Directions –
What is needed is a word-for-word copy of the lines below from the one with "韓系密邊領波點長袖T恤女秋季新款內搭寬鬆上衣" through the one with "Starax 90cm Çekmece", both included, with every picture left out.

Data shown –

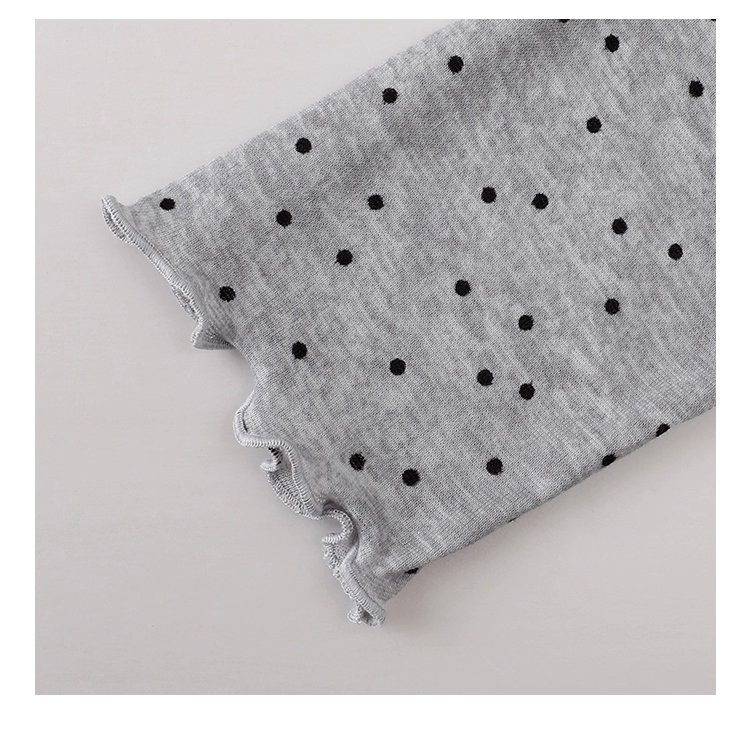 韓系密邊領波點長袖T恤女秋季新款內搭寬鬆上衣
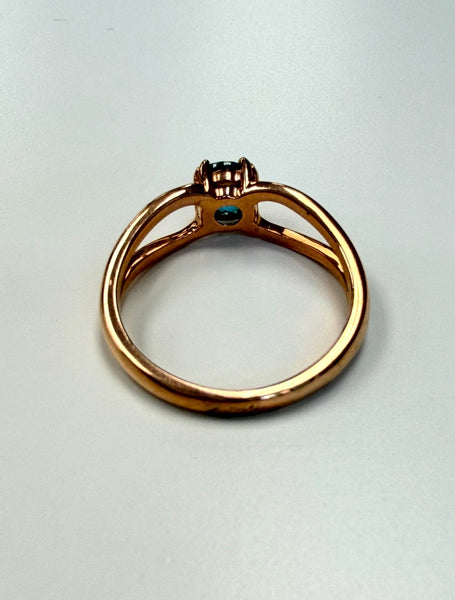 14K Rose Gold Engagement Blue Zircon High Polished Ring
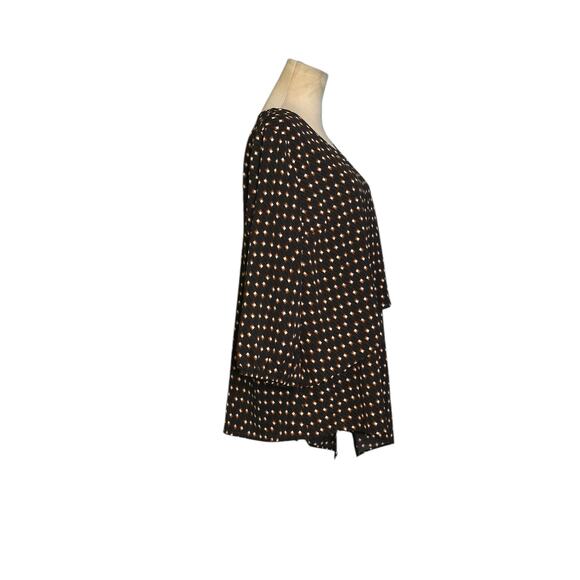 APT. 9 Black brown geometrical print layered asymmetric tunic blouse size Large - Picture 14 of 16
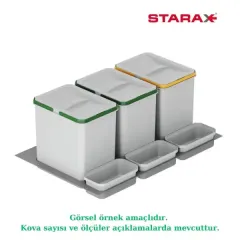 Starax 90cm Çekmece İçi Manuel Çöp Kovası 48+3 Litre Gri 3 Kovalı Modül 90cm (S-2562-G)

--

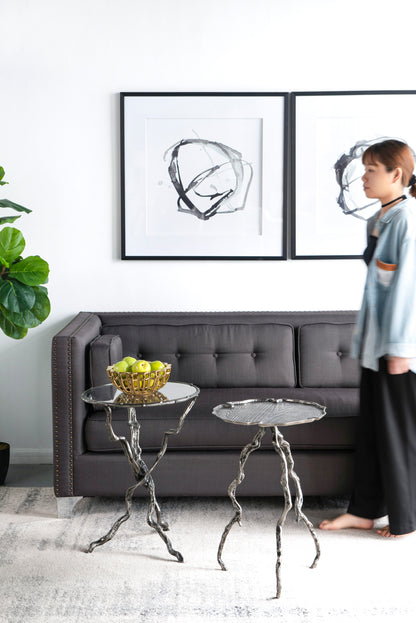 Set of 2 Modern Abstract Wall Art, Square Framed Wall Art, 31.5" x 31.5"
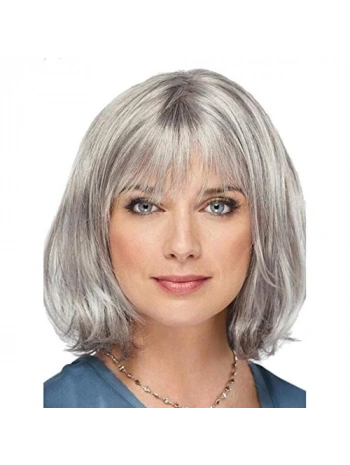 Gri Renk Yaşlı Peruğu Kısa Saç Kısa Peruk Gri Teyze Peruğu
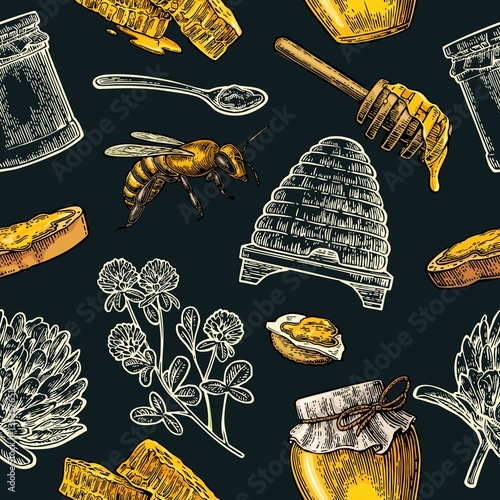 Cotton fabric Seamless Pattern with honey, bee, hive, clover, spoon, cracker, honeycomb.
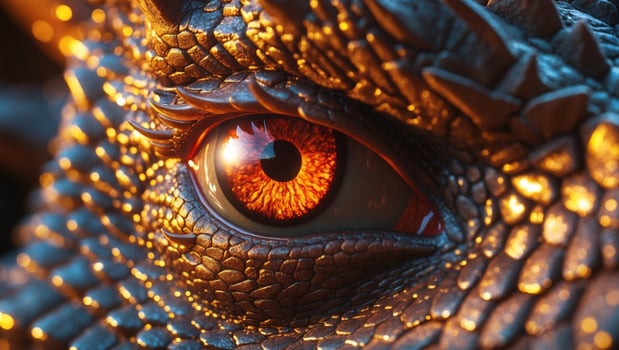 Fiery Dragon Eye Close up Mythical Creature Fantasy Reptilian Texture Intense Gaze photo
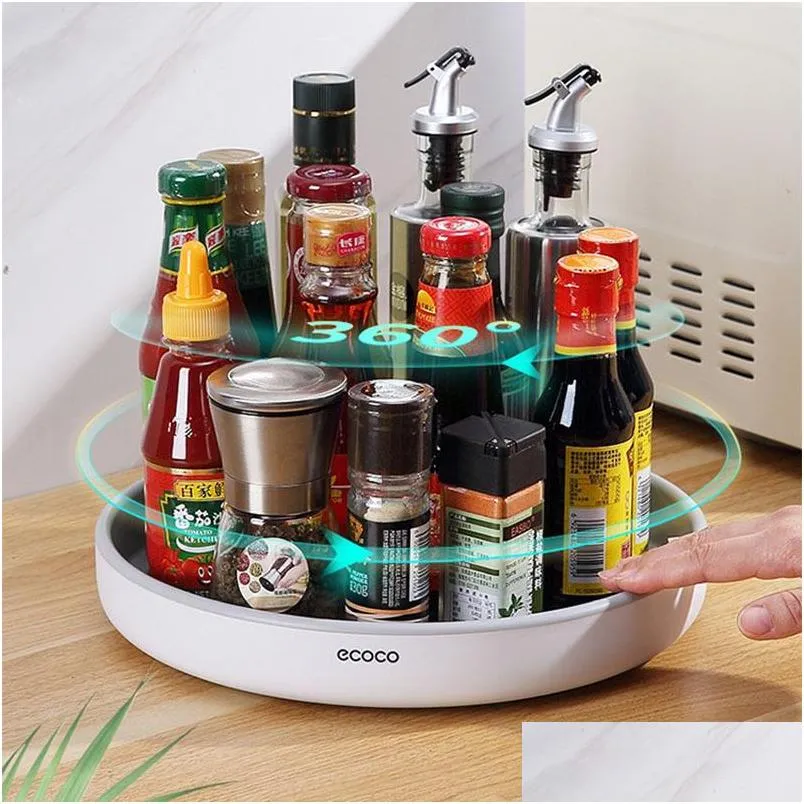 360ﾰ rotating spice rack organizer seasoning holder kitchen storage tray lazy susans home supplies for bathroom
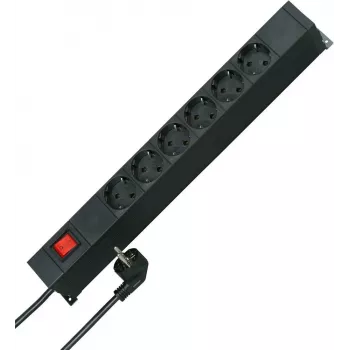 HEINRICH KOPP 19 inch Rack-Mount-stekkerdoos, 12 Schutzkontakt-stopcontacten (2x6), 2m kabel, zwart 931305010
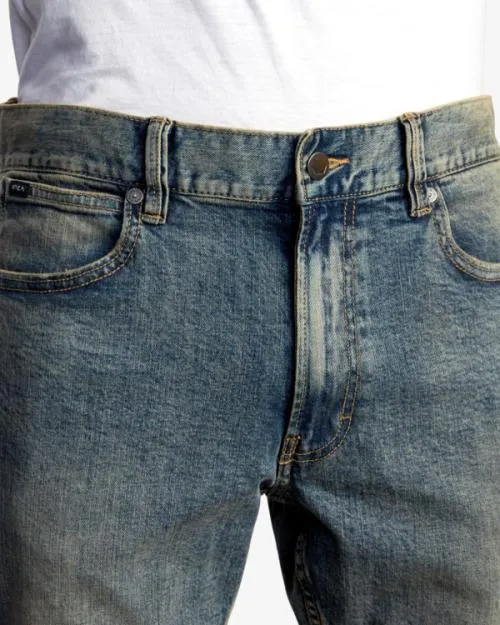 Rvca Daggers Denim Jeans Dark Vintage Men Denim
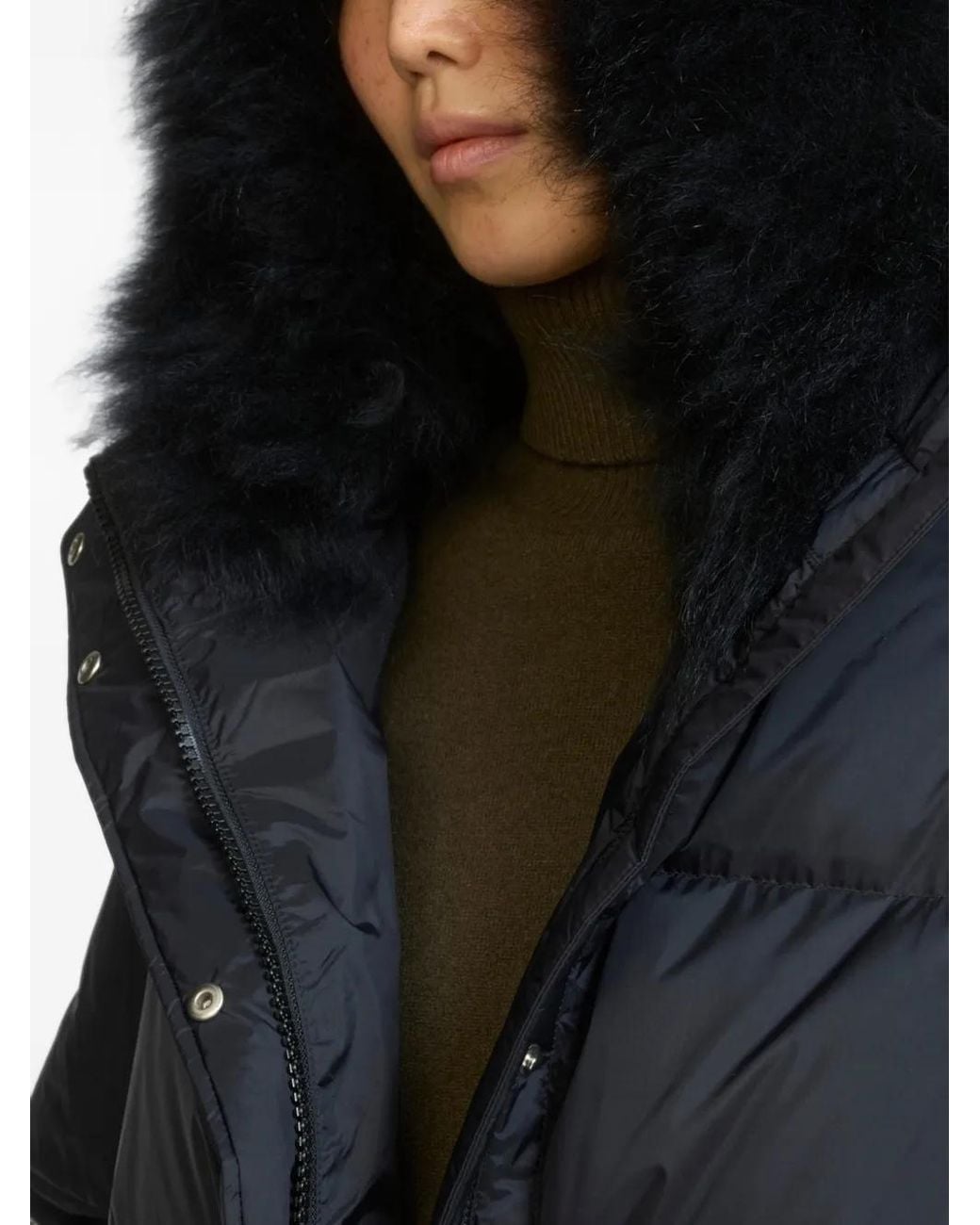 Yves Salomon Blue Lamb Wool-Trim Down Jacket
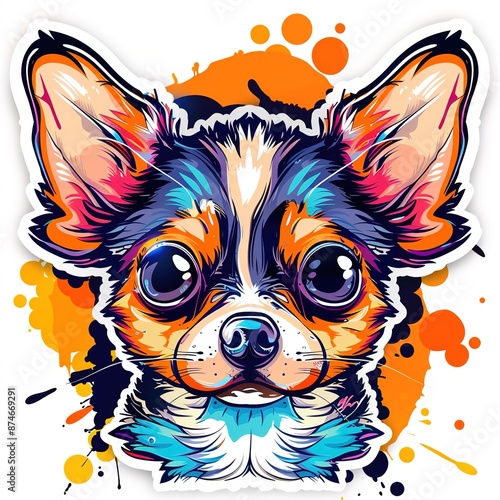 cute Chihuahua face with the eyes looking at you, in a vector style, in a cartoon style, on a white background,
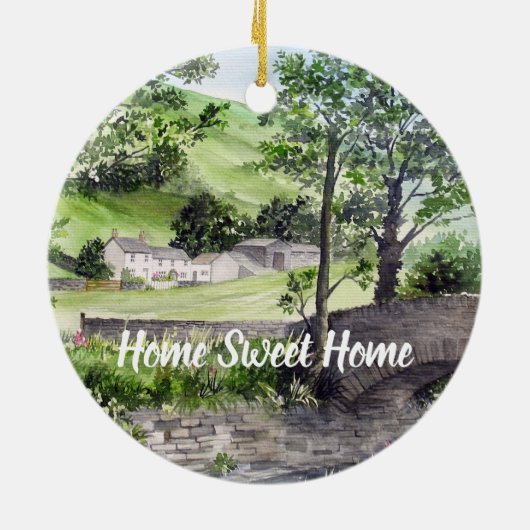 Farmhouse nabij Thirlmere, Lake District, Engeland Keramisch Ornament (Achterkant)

==

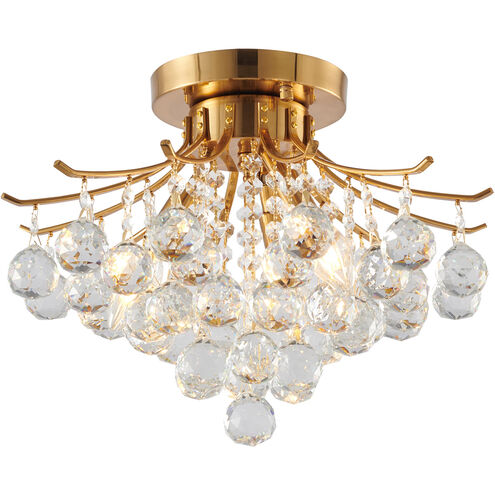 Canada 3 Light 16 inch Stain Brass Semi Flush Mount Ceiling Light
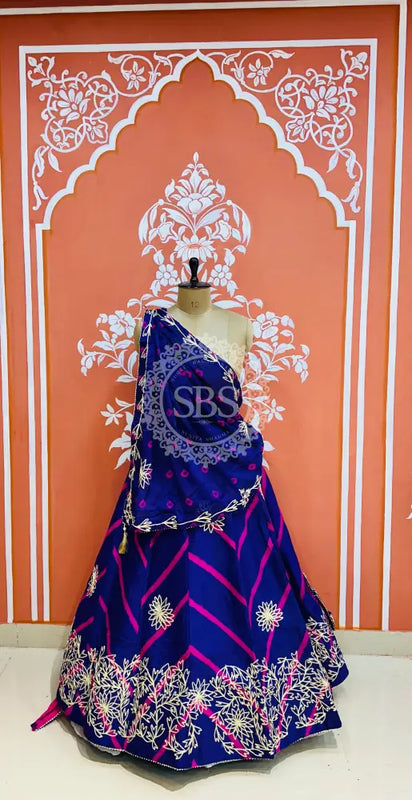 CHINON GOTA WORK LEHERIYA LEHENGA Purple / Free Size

Written answer –
 韓系密邊領波點長袖T恤女秋季新款內搭寬鬆上衣
 14K Rose Gold Engagement Blue Zircon High Polished Ring
 APT. 9 Black brown geometrical print layered asymmetric tunic blouse size Large - Picture 14 of 16
 Starax 90cm Çekmece İçi Manuel Çöp Kovası 48+3 Litre Gri 3 Kovalı Modül 90cm (S-2562-G)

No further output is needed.